GOAL OF THE EXERCISE
For the listing that follows, give again exactly the lines from the one with "284-WORLD_INVADERS-2.jpg" to the one with "BMW 118 i Advantage", including both.

EXERCISE DATA
*** Block opens ***

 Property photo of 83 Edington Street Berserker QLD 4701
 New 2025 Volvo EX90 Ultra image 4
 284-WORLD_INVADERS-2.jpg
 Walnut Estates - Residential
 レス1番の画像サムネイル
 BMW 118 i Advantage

*** Block closes ***
*** Block opens ***

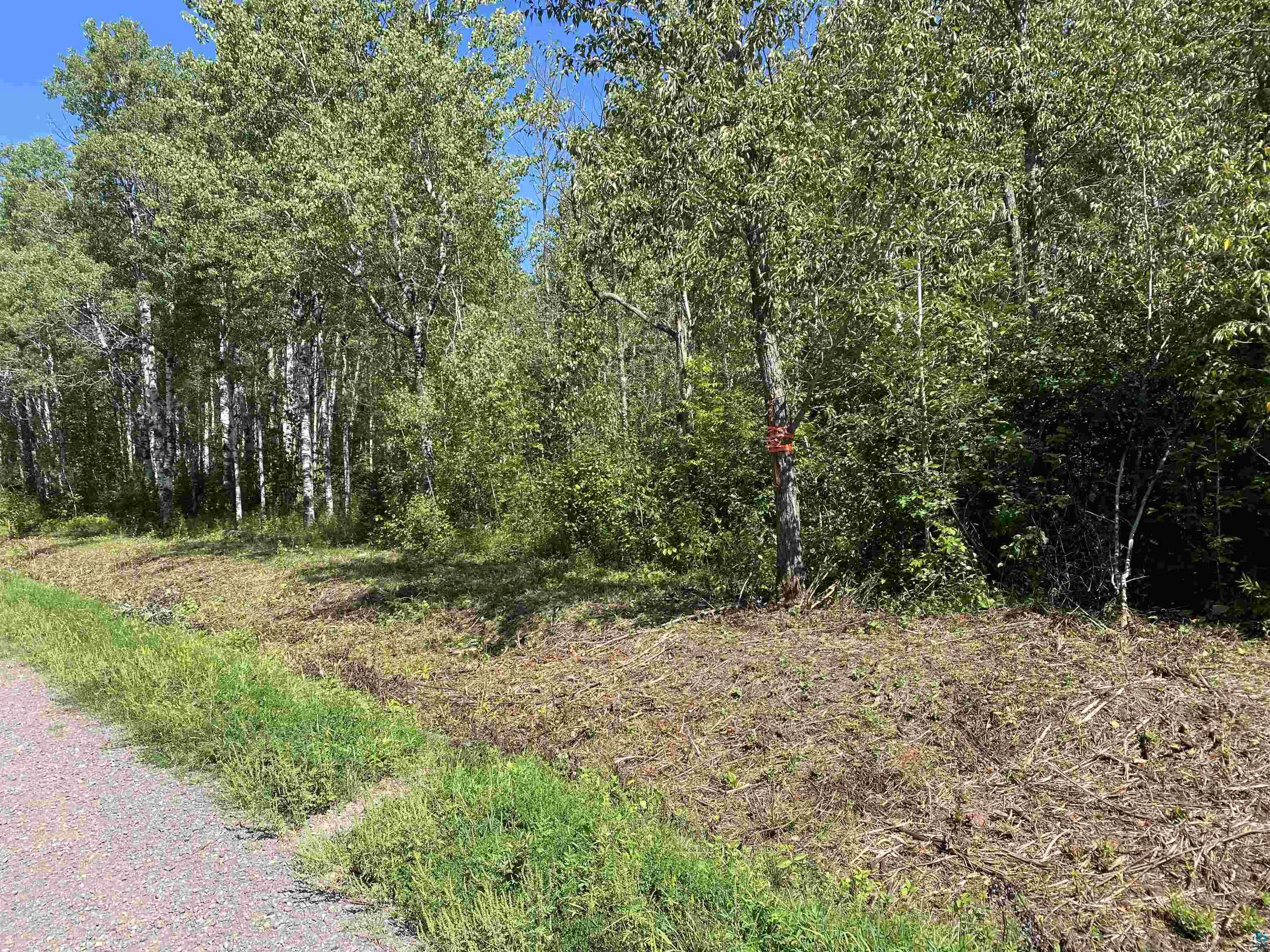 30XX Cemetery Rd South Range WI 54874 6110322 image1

*** Block closes ***
*** Block opens ***

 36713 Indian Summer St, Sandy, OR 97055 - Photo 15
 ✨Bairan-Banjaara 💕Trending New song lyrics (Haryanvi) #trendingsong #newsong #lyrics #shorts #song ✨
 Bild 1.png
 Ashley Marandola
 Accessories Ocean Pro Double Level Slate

*** Block closes ***

TASK SOLUTION
 284-WORLD_INVADERS-2.jpg
 Walnut Estates - Residential
 レス1番の画像サムネイル
 BMW 118 i Advantage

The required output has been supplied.